**Source information:**
—————

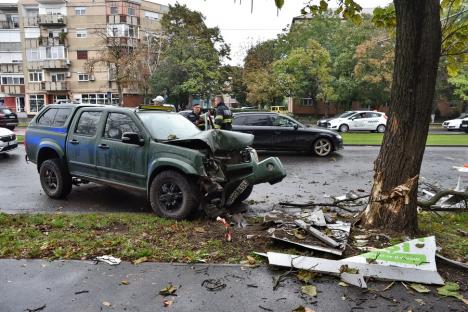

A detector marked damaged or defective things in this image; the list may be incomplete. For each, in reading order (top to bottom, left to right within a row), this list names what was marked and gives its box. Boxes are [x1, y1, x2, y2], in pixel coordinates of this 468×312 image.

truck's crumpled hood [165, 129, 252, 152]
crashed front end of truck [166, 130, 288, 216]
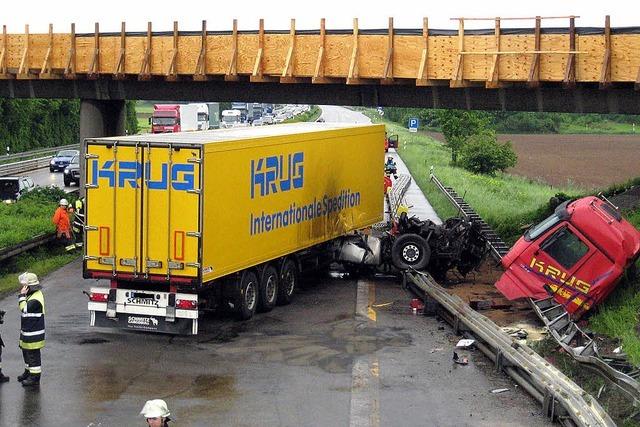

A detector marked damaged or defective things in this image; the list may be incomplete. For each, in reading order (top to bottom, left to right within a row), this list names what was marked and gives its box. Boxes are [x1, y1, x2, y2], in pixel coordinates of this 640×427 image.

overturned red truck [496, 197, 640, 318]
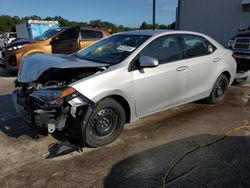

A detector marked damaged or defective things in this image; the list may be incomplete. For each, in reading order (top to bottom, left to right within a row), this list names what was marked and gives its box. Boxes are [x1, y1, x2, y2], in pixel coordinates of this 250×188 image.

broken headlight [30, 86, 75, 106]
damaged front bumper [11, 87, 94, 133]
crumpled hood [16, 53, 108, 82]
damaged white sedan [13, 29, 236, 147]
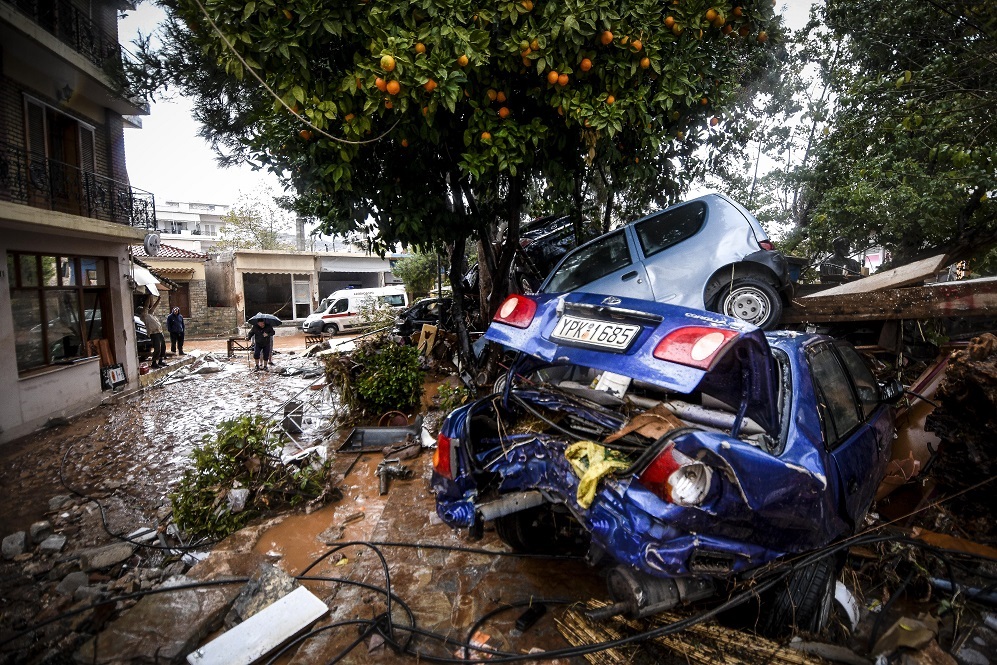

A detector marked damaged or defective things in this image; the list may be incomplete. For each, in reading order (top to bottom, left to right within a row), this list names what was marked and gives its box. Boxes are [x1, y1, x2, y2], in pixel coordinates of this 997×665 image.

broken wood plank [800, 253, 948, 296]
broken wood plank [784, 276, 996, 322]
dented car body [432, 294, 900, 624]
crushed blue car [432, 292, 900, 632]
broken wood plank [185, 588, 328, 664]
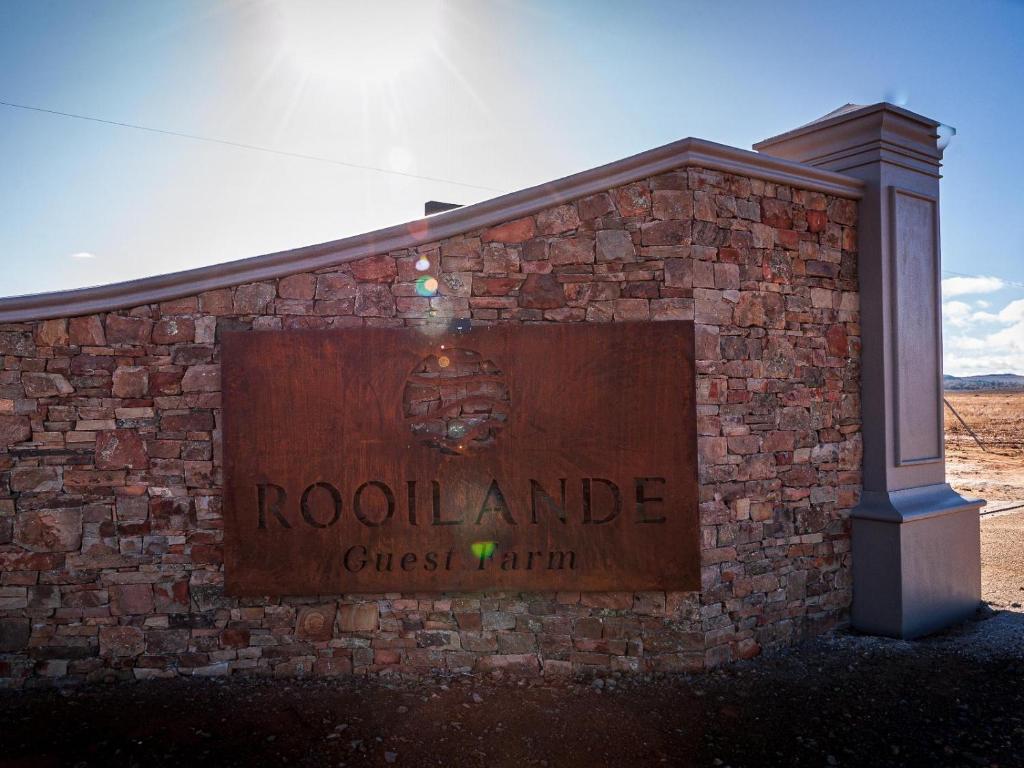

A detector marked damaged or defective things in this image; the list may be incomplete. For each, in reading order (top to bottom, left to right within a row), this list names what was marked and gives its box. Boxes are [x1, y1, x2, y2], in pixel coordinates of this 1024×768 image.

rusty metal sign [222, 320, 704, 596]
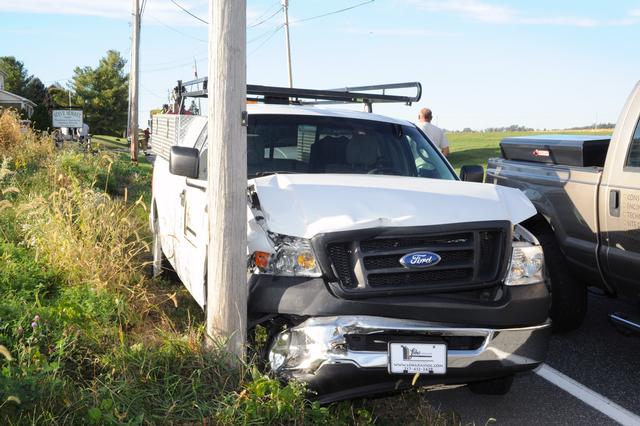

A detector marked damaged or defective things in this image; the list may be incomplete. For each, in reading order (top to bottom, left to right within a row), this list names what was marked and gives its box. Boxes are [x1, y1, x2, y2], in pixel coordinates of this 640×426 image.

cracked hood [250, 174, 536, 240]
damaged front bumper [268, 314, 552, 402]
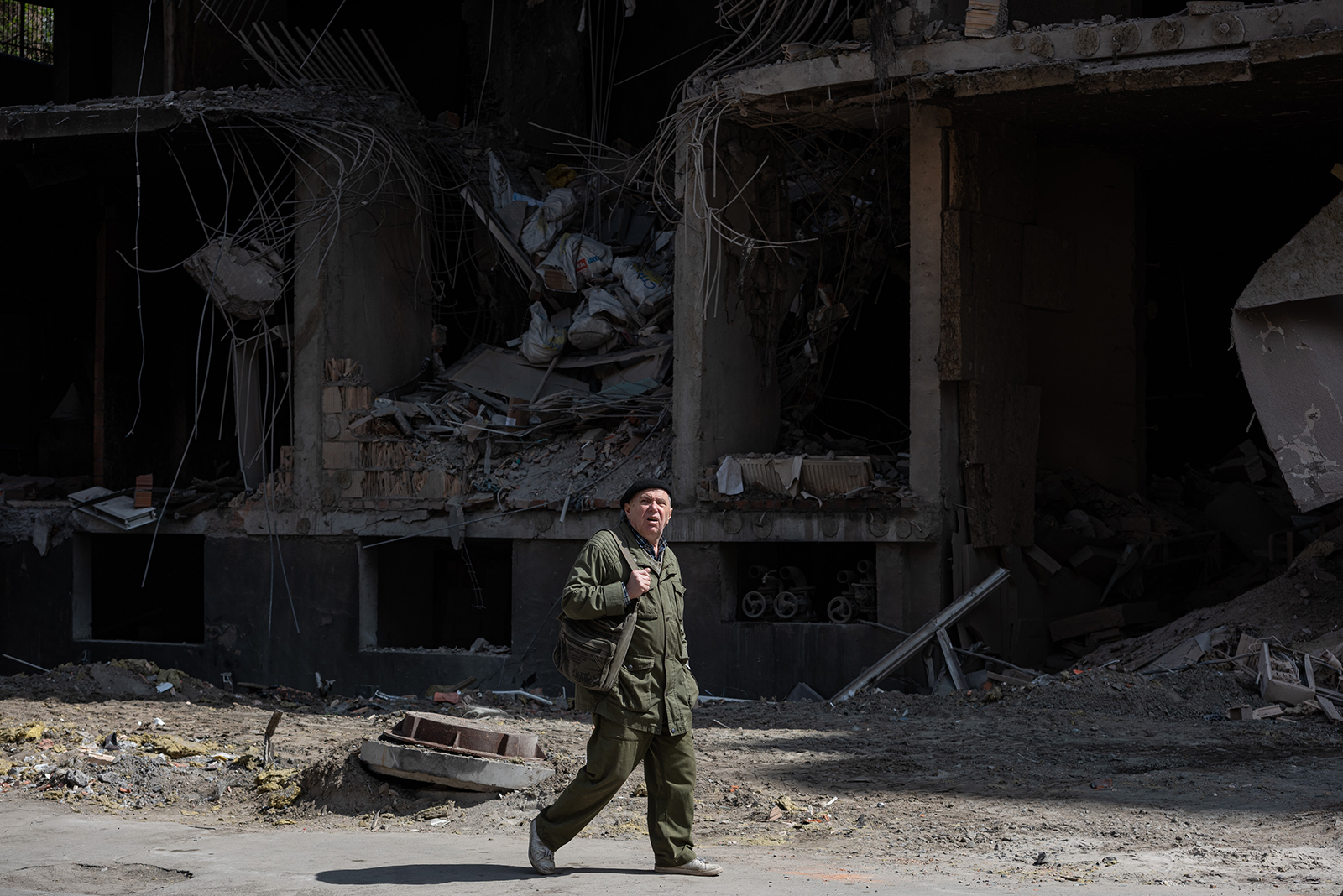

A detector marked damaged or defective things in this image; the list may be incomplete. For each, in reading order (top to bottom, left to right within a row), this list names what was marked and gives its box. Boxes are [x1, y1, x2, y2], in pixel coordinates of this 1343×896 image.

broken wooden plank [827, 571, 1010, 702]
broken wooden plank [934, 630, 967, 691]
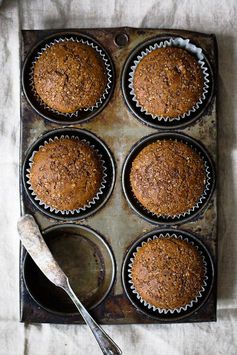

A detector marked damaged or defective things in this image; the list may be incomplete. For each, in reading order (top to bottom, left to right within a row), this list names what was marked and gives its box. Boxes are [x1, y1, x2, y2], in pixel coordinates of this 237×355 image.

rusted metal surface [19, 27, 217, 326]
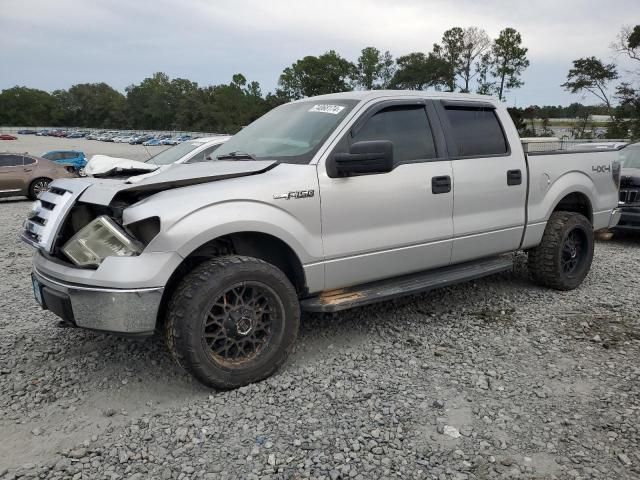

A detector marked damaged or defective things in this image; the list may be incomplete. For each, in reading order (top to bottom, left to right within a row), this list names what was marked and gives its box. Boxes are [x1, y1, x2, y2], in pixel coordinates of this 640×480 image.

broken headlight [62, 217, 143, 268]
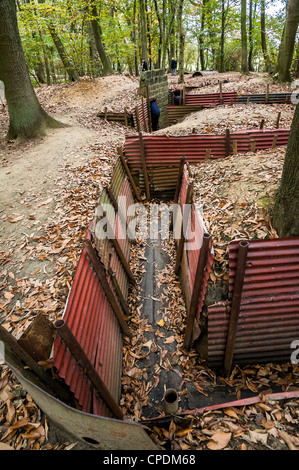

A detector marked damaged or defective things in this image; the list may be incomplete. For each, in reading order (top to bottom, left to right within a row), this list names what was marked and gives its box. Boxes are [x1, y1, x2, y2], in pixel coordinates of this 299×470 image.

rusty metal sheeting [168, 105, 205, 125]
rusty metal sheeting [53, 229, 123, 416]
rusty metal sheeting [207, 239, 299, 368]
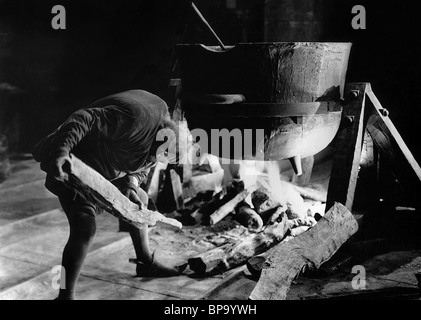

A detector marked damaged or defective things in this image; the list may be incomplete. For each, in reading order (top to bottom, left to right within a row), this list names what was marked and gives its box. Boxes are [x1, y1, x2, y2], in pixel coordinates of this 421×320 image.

—————

**Task to carry out:** Starting with the line that contains "this 640×480 image.", reproduce every line down to the end of the listing above, both endpoints included. Pictures stay out.

**Solved problem:**
A detector marked damaged or defective things in this image; the list may be incomplete. For each, in reading order (top to bottom, left to right within a row), this list names what was marked and gives its box. Boxes are [x1, y1, x2, y2], in pixel coordinates of this 640×480 image.

broken headlight [62, 217, 143, 268]

A detector marked damaged or defective things in this image; the list may be incomplete. For each, in reading order (top to bottom, left to right within a row), this list names what was marked and gives its box. Boxes are [x1, y1, x2, y2], in pixel coordinates of this 299×470 image.

rusty metal sheeting [168, 105, 205, 125]
rusty metal sheeting [53, 229, 123, 416]
rusty metal sheeting [207, 239, 299, 368]

A detector marked damaged or defective things in this image; the list may be incomplete. For each, in reading order (top to bottom, left to right within a row), this list names what was marked and gives its box. Boxes are [x1, y1, x2, y2], in pixel coordinates of this 421×320 image.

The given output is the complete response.